(Short web captions)

╔══

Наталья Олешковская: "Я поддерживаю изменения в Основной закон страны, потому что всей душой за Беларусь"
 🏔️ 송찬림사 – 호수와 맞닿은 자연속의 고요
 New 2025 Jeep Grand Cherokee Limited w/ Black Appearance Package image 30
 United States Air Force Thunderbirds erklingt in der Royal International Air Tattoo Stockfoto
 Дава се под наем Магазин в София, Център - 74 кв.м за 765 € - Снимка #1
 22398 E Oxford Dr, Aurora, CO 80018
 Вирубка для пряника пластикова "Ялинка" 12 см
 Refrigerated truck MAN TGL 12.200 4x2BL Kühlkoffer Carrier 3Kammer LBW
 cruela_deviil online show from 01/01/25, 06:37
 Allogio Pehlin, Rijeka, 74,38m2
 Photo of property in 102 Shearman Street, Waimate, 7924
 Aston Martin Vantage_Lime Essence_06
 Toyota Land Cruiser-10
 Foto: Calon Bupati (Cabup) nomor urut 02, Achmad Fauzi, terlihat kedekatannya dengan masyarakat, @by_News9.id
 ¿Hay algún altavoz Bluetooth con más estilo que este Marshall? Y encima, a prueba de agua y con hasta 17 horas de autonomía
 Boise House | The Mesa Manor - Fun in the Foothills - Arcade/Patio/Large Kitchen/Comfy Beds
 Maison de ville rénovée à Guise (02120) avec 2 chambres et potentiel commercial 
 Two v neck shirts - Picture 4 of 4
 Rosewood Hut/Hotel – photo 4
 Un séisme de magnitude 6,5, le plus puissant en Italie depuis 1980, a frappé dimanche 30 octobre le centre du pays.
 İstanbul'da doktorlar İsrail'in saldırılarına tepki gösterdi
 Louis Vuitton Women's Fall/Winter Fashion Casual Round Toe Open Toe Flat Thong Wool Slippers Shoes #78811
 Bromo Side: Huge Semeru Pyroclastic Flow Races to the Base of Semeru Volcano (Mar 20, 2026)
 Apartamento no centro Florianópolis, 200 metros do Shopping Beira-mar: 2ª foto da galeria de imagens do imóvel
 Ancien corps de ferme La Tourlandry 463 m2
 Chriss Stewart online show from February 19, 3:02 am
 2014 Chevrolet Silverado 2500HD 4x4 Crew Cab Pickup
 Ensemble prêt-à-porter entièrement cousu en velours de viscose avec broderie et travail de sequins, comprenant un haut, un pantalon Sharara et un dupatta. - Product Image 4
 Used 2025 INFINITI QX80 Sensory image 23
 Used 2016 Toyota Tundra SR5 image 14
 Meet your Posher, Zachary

╚══

TASK PROMPT
Could you transcribe the entries above word for word, from the line with "Boise House |" down to the line with "Louis Vuitton Women's", keeping both?

ANSWER SPACE
 Boise House | The Mesa Manor - Fun in the Foothills - Arcade/Patio/Large Kitchen/Comfy Beds
 Maison de ville rénovée à Guise (02120) avec 2 chambres et potentiel commercial 
 Two v neck shirts - Picture 4 of 4
 Rosewood Hut/Hotel – photo 4
 Un séisme de magnitude 6,5, le plus puissant en Italie depuis 1980, a frappé dimanche 30 octobre le centre du pays.
 İstanbul'da doktorlar İsrail'in saldırılarına tepki gösterdi
 Louis Vuitton Women's Fall/Winter Fashion Casual Round Toe Open Toe Flat Thong Wool Slippers Shoes #78811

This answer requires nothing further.